With regard to the above question, I will be evaluating the concepts of conformity and obedience. In relation to this the work of Zimbardo, Haslam and Milgram will enable me to explain a variety of ways in which those around us may influence the way we behave.
Conformity is defined as a change in behaviour and/or attitude as a result of group pressure (Hogg & Vaughan, n.d.). In 1971 Phillip G Zimbardo carried out an experiment with the aim of determining the psychological changes of both prisoners and guards. He did this by placing 18 college undergraduates in a simulated prison environment (Prisonexp.org, 2014). The time course for the experiment was 14 days; however, it was ended precipitately after only 6 days as the guards were seen to abuse the prisoners at night. Christina Maslach also questioned the morality of the study after witnessing the participants chained together with bags over their heads. This forced Zimbardo to re-evaluate the situation as a research psychologist as he himself had conformed to the role of the prisons superintendent (Prisonexp.org, 2014).

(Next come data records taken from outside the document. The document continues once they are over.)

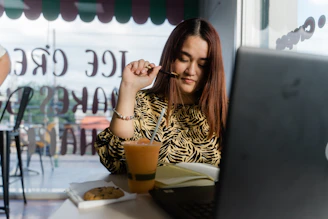 woman in black and white stripe shirt sitting on chair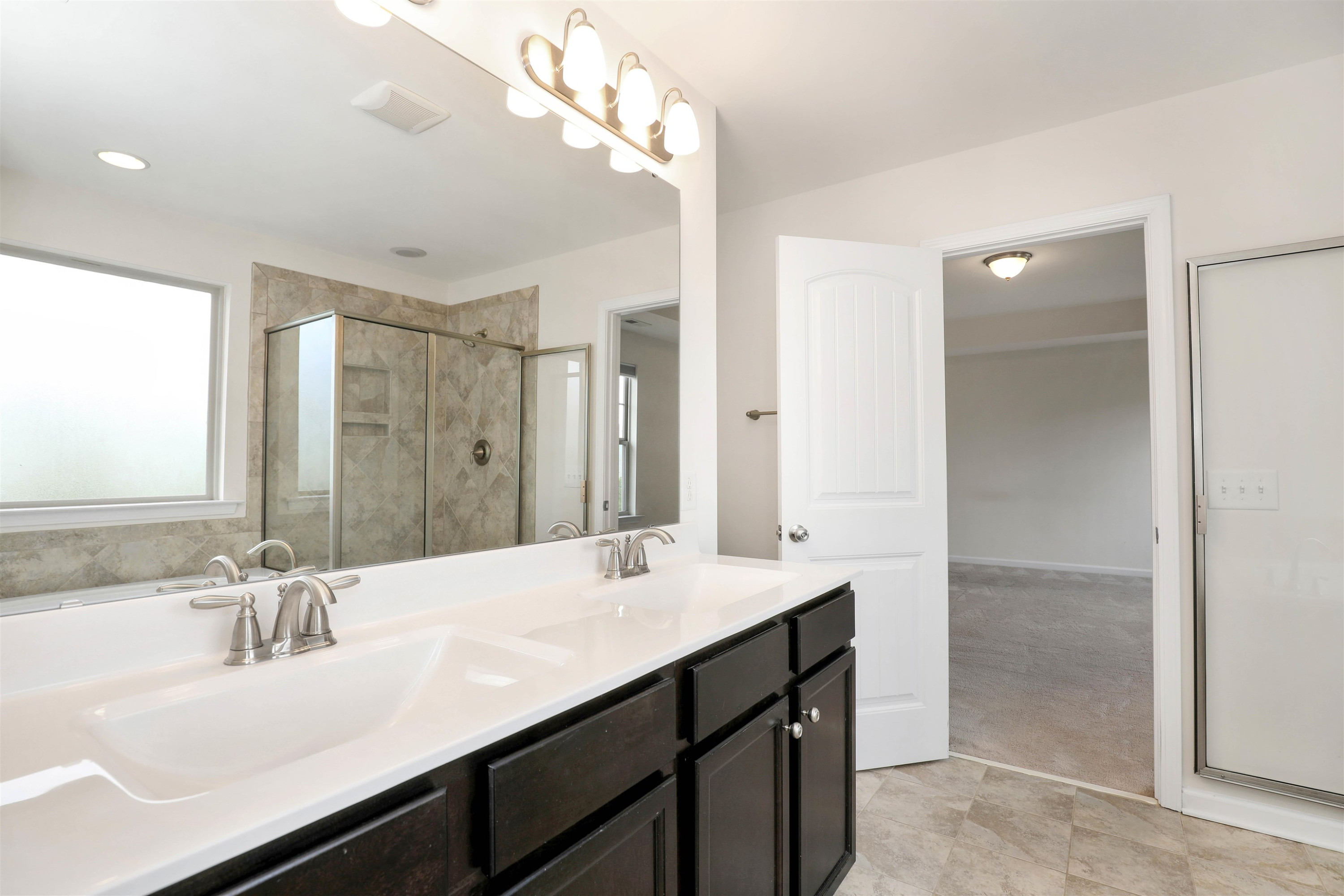 3413 Flat River Drive Durham, NC 27703 - Photo 25 of 40 a bathroom with a double vanity sink a mirror and a shower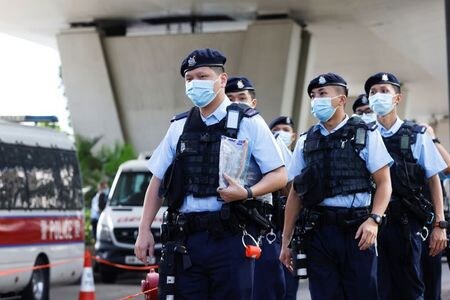 　香港の裁判所は２２日、国家安全維持法（国安法）違反で逮捕された民主派新聞「蘋果日報（アップル・デイリー）」の社員４人の保釈請求を却下した。写真は、裁判所周辺をパトロールする警察官（２０２１年　ロイター/Tyrone Siu）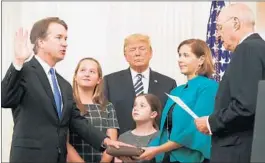  ?? CHIP SOMODEVILL­A/GETTY ?? Brett Kavanaugh, left, participat­es in a ceremonial swearing-in by retired Justice Anthony Kennedy.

It was clear throughout the study that all participants had conformed to the role they were given. Prisoners started to believe that they were in a real prison, which ultimately lead to the participants becoming depressed and some of the guards had developed sadistic like qualities due to the amount of power they had over the prisoners (Prisonexp.org, 2014).
Deindividuation is said to of played an important role in terms of conformity. The social process of placing individuals into a group situation and giving them uniforms determines their behaviour. They lose a sense of identity and proceed to act in a way that the group deems acceptable. (Hewstone & Stroebe et al., 2012). This may have caused extreme irrational behaviour within the experiment itself which materialised in terms of aggression and violence towards members of the opposite group i.e. prisoners and guards. This caused groupthink to take effect as individuals who wouldn’t usually stand for immoral behaviour looked the other way as they no longer saw it as their responsibility to prevent antisocial behaviour (Hewstone & Stroebe et al., 2012).
As Zimbardos 1971 prison experiment provided strong examples of oppression, Alex Haslam designed a similar prison experiment in 2002 with the aim to understand social identity and conformity when placed in a hostile environment. In the case of any negative behaviour i.e. tyranny, participants were put through a thorough selection process to ensure that this wasn’t down to individual personality traits.
15 men were selected and placed into 5 different groups of similar personalities; one from each group became guards and the rest prisoners thus resulting in two groups of similar psychological profiles. Physiological data and questionnaires were collected daily as a means of monitoring any change in psychological state. On day one participants were informed of the possibility of...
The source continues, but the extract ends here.